Content starts

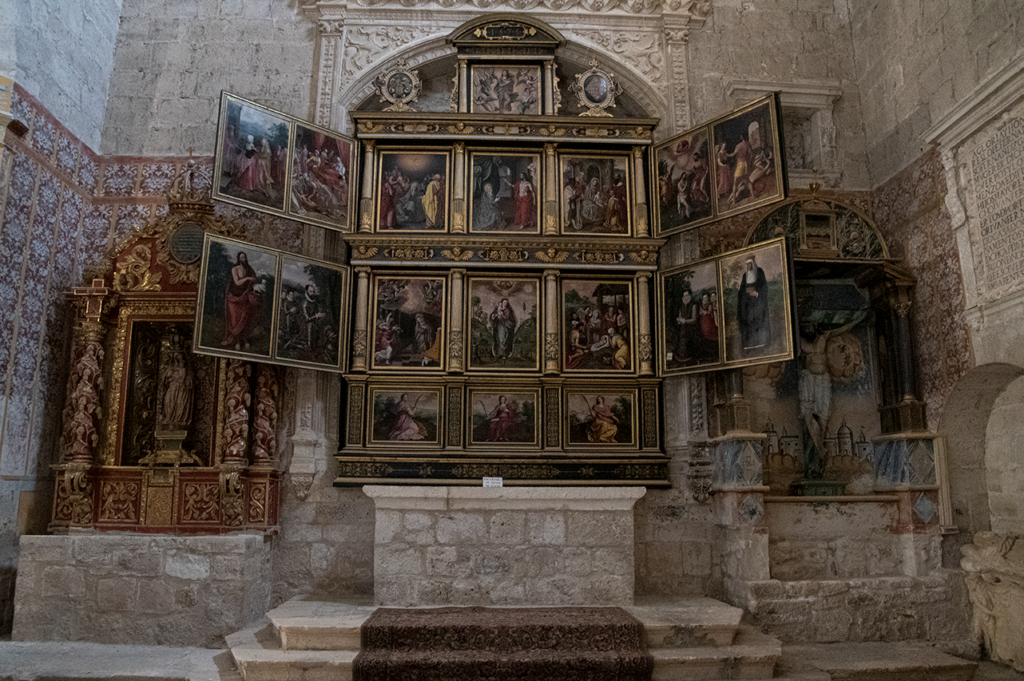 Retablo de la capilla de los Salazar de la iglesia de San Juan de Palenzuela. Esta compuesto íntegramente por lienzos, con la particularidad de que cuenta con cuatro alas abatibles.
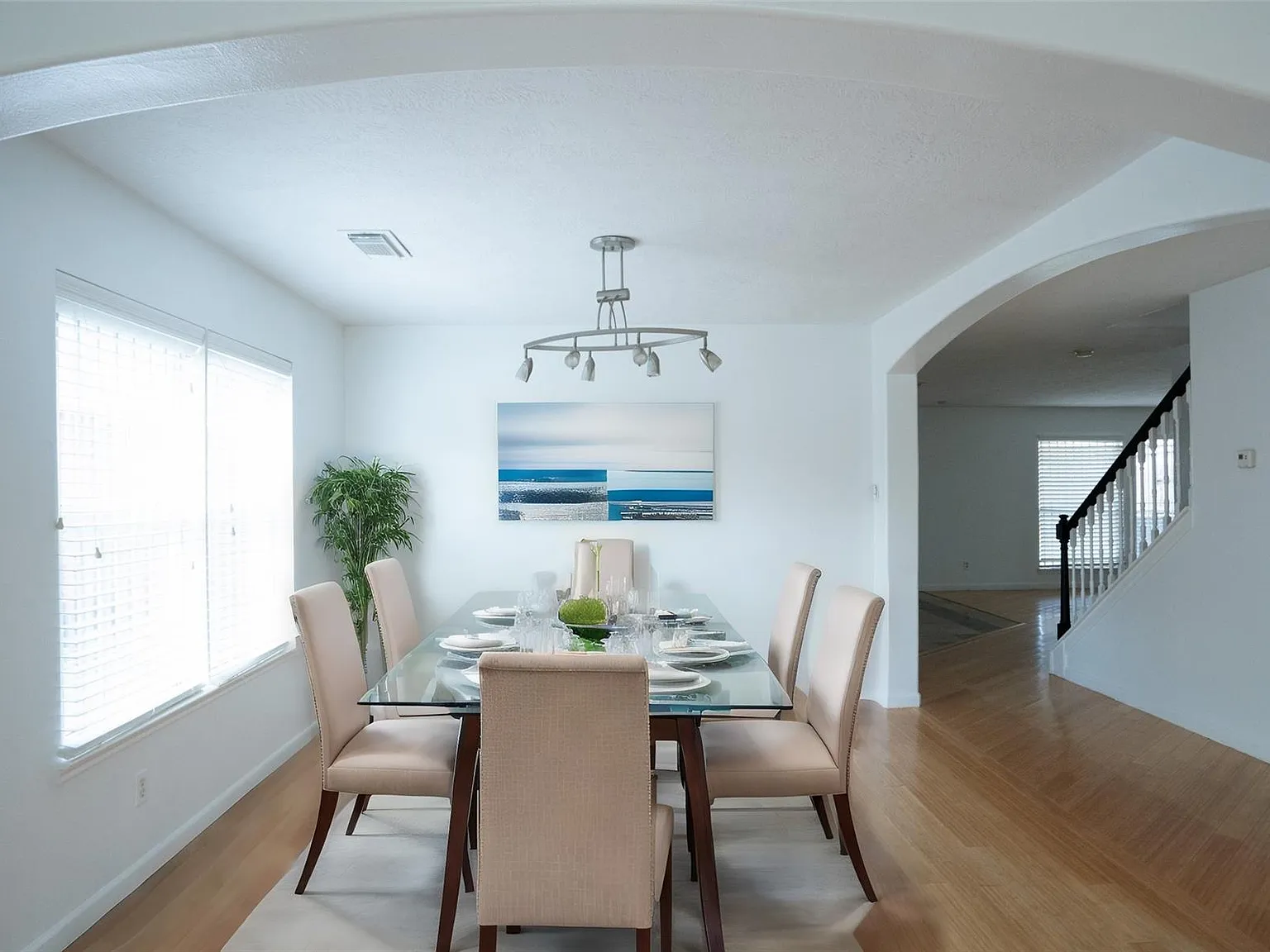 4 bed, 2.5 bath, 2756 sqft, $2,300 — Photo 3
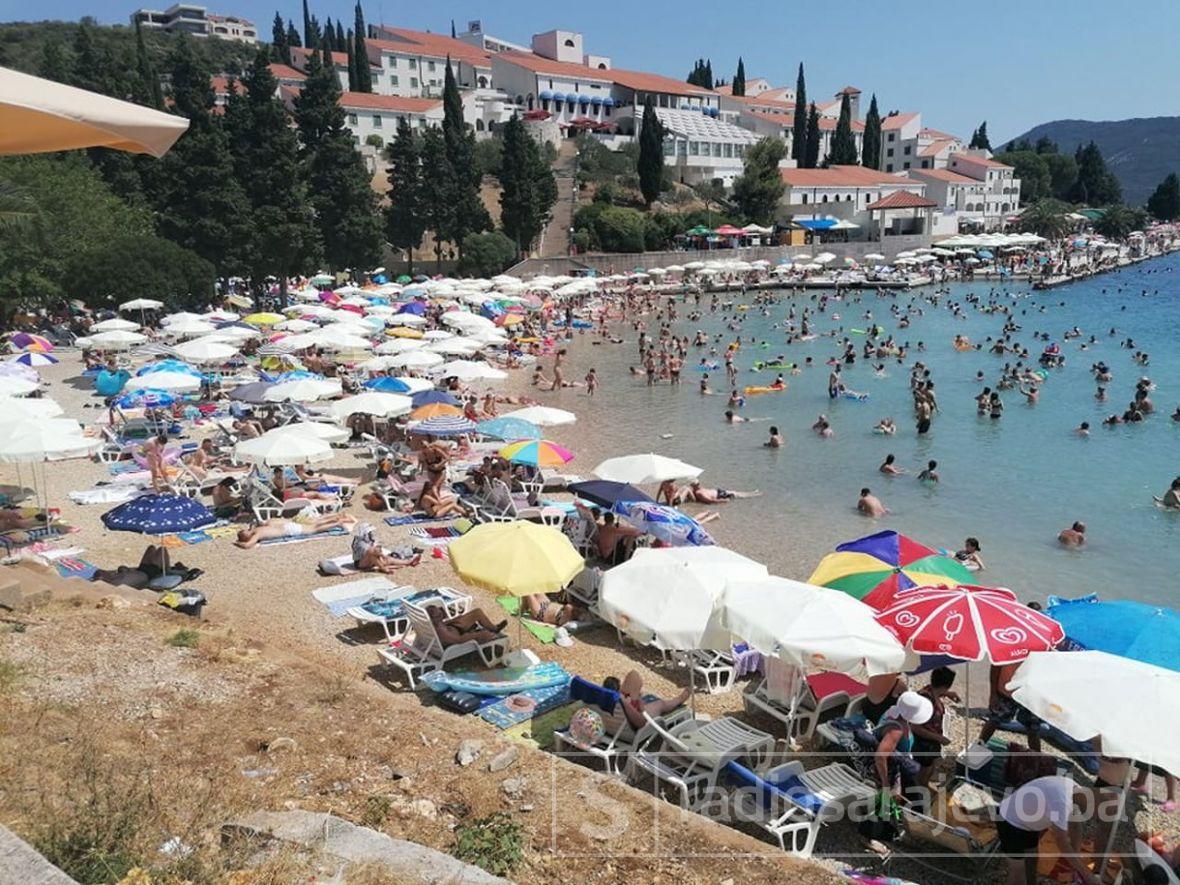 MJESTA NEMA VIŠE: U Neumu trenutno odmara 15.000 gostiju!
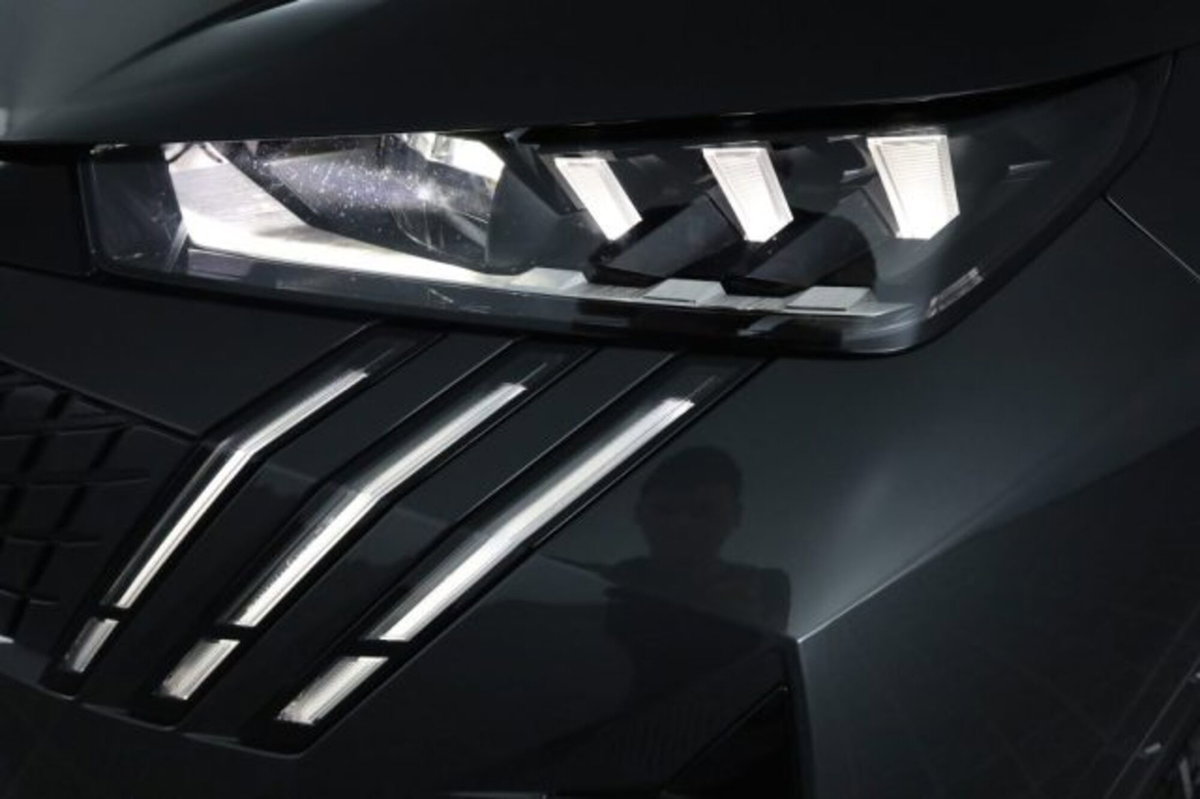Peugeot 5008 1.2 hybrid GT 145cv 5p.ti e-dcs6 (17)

Content ends

Reproduce the full listing faithfully, but do not carry over any pictures.

 Retablo de la capilla de los Salazar de la iglesia de San Juan de Palenzuela. Esta compuesto íntegramente por lienzos, con la particularidad de que cuenta con cuatro alas abatibles.
 4 bed, 2.5 bath, 2756 sqft, $2,300 — Photo 3
 MJESTA NEMA VIŠE: U Neumu trenutno odmara 15.000 gostiju!
Peugeot 5008 1.2 hybrid GT 145cv 5p.ti e-dcs6 (17)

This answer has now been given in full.